*Supplied material*:
'''
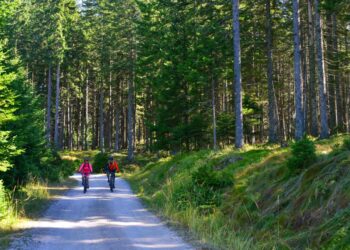 Z avtobusom na Pohorje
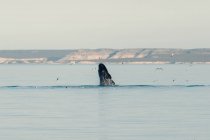 Baleine sortant de la mer tandis que les mouettes volent autour — Photo de stock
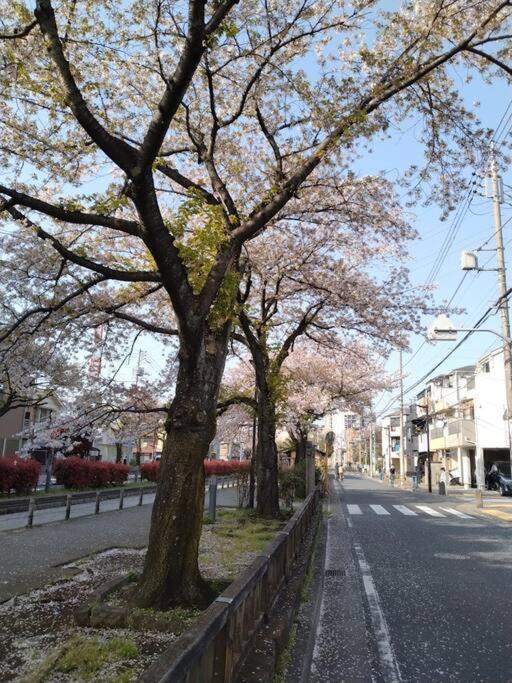 Detached Japanese wooden house, a rarity in Tokyo of Quiet residential area! Rent out the whole house 7 min walk from JR Kameari station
'''
Please copy the data above exactly, omitting the pictures.

*Answer to this exercise*:
 Z avtobusom na Pohorje
 Baleine sortant de la mer tandis que les mouettes volent autour — Photo de stock
 Detached Japanese wooden house, a rarity in Tokyo of Quiet residential area! Rent out the whole house 7 min walk from JR Kameari station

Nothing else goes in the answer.